■ SOURCE DATA:
· · · · · · ·
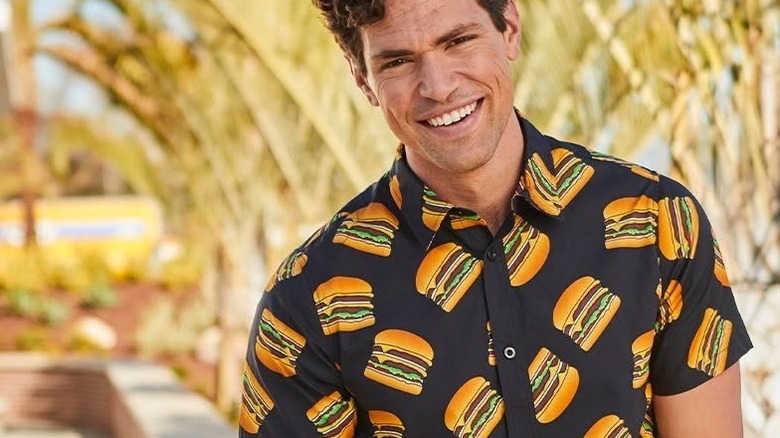 In-N-Out product image of man wearing Double-Double button up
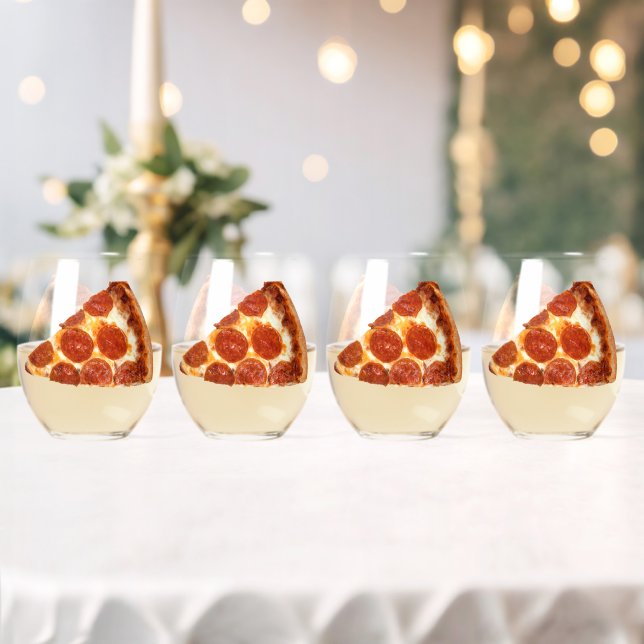 SlipperyJoe's classic pepperoni pizza slice melted Stemless Wine Glass (Insitu (Wedding))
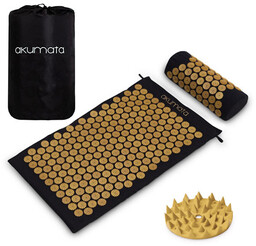 Akumata polska mata do akupresury z poduszką czarno-złota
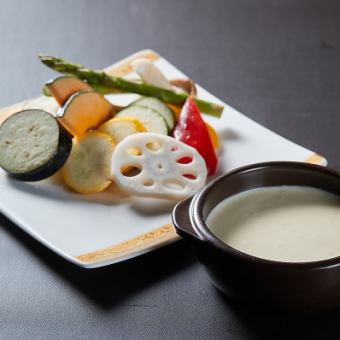 Assorted grilled vegetables (with cheese fondue sauce)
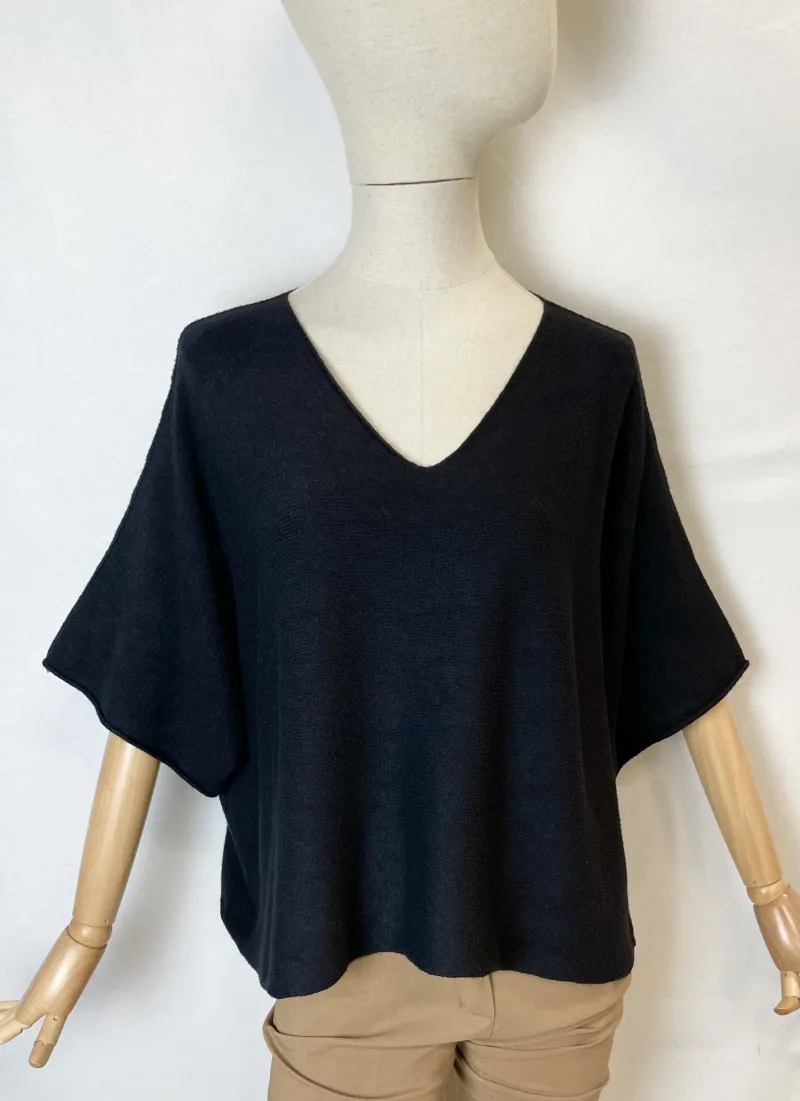 Kimono-Pullover mit lockerer Textur und kurzen Ärmeln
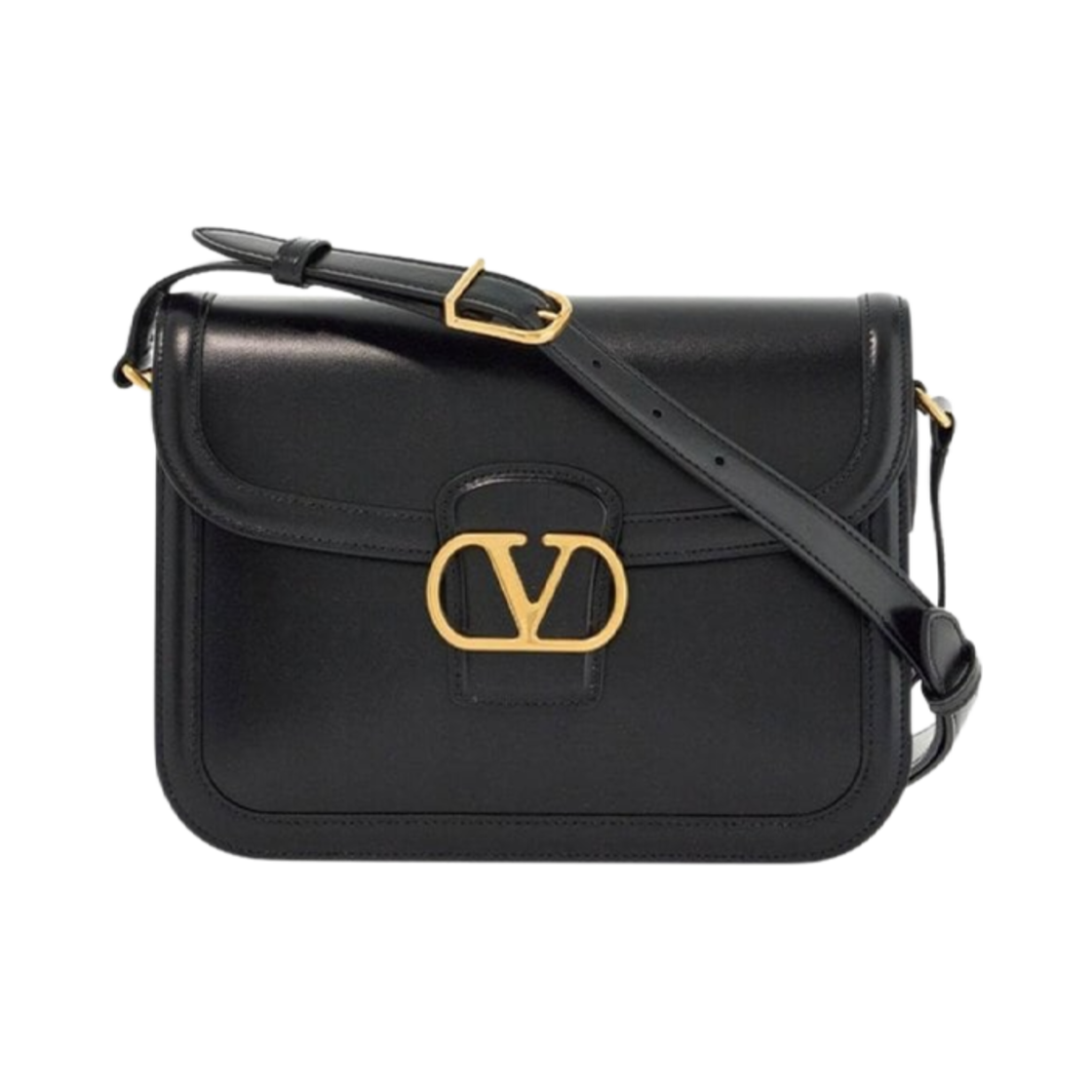 B0R15UHF0NO Valentino 9TO5 Foldover Top Shoulder Bag Black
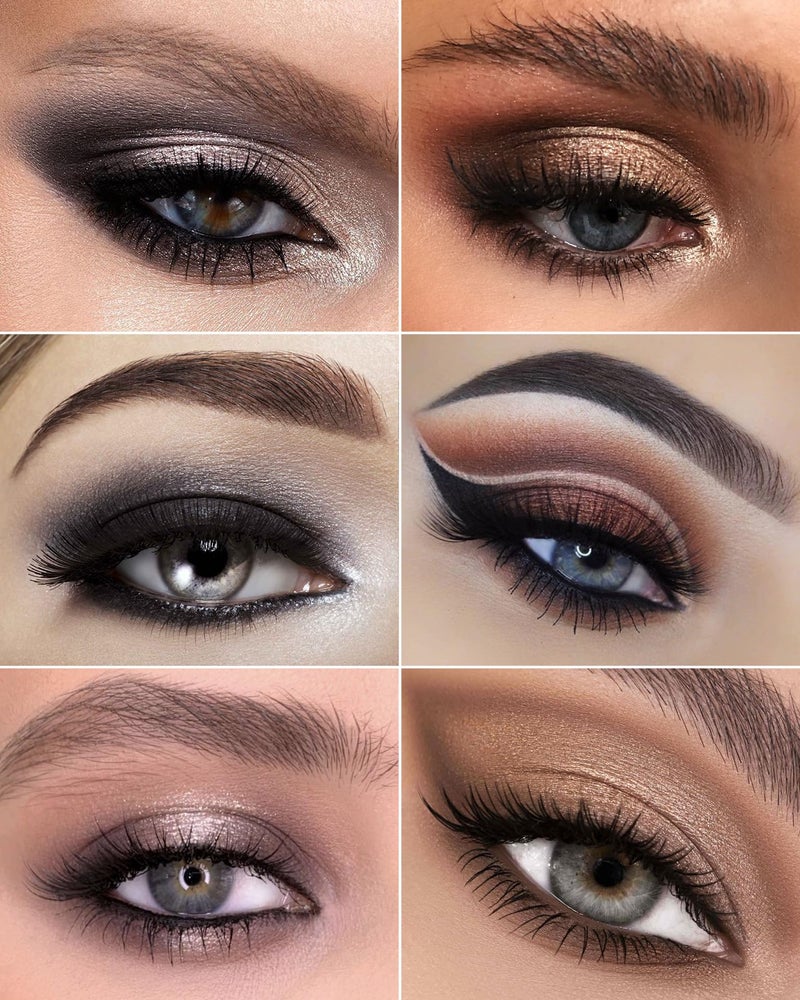 HOOMUSS Black Smoky Eye Shadow Palette 8Color Dark Grey Smokey Eyeshadow for Goth Makeup Black Silver White Gray Shade for Halloween (BlackS) - Image 3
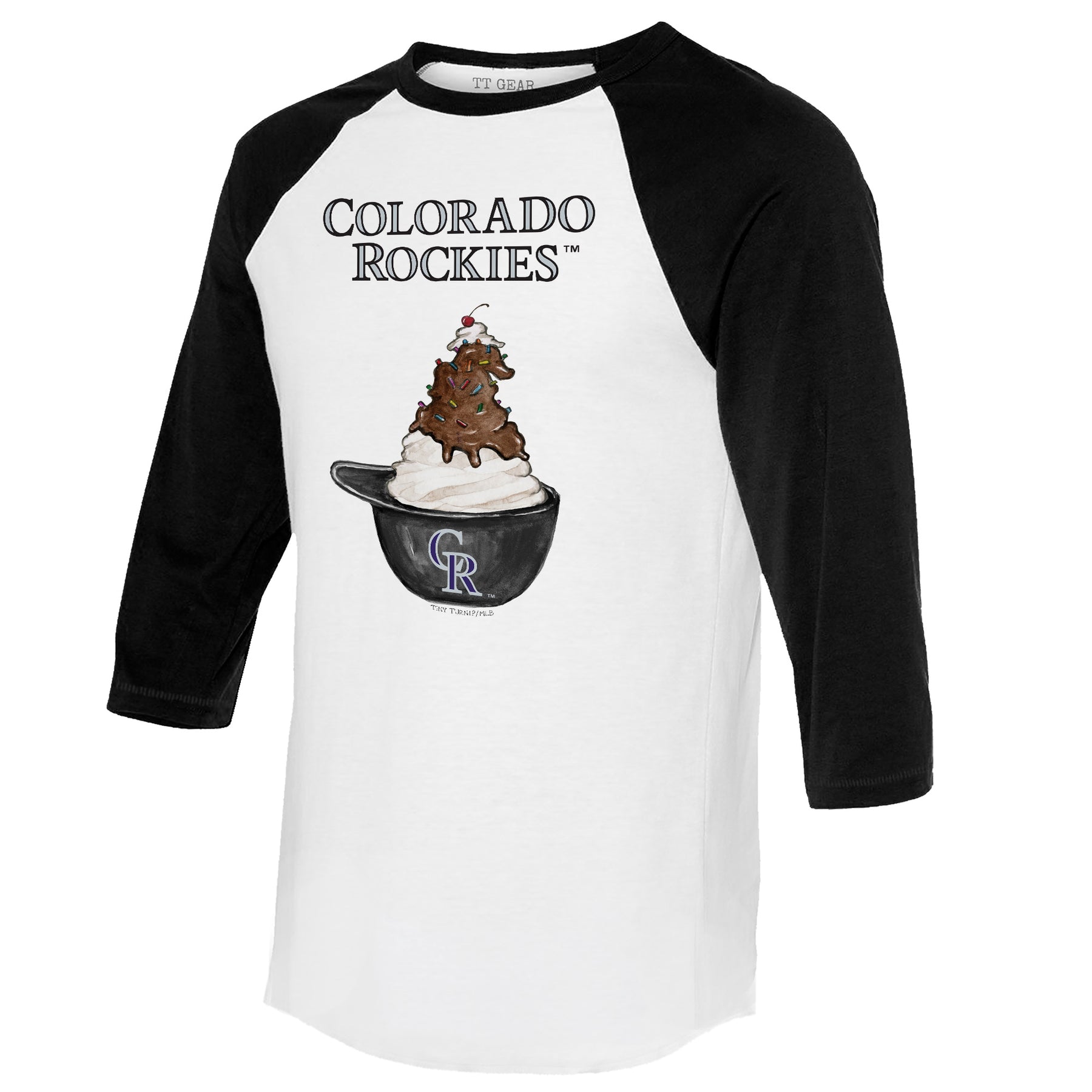 Colorado Rockies Sundae Helmet 3/4 Black Sleeve Raglan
· · · · · · ·
■ EXERCISE:
Copy exactly the lines that run from the line containing "Assorted grilled vegetables" to the end of the data above, keeping both end lines and leaving out all pictures.

■ WRITTEN SOLUTION:
 Assorted grilled vegetables (with cheese fondue sauce)
 Kimono-Pullover mit lockerer Textur und kurzen Ärmeln
 B0R15UHF0NO Valentino 9TO5 Foldover Top Shoulder Bag Black
 HOOMUSS Black Smoky Eye Shadow Palette 8Color Dark Grey Smokey Eyeshadow for Goth Makeup Black Silver White Gray Shade for Halloween (BlackS) - Image 3
 Colorado Rockies Sundae Helmet 3/4 Black Sleeve Raglan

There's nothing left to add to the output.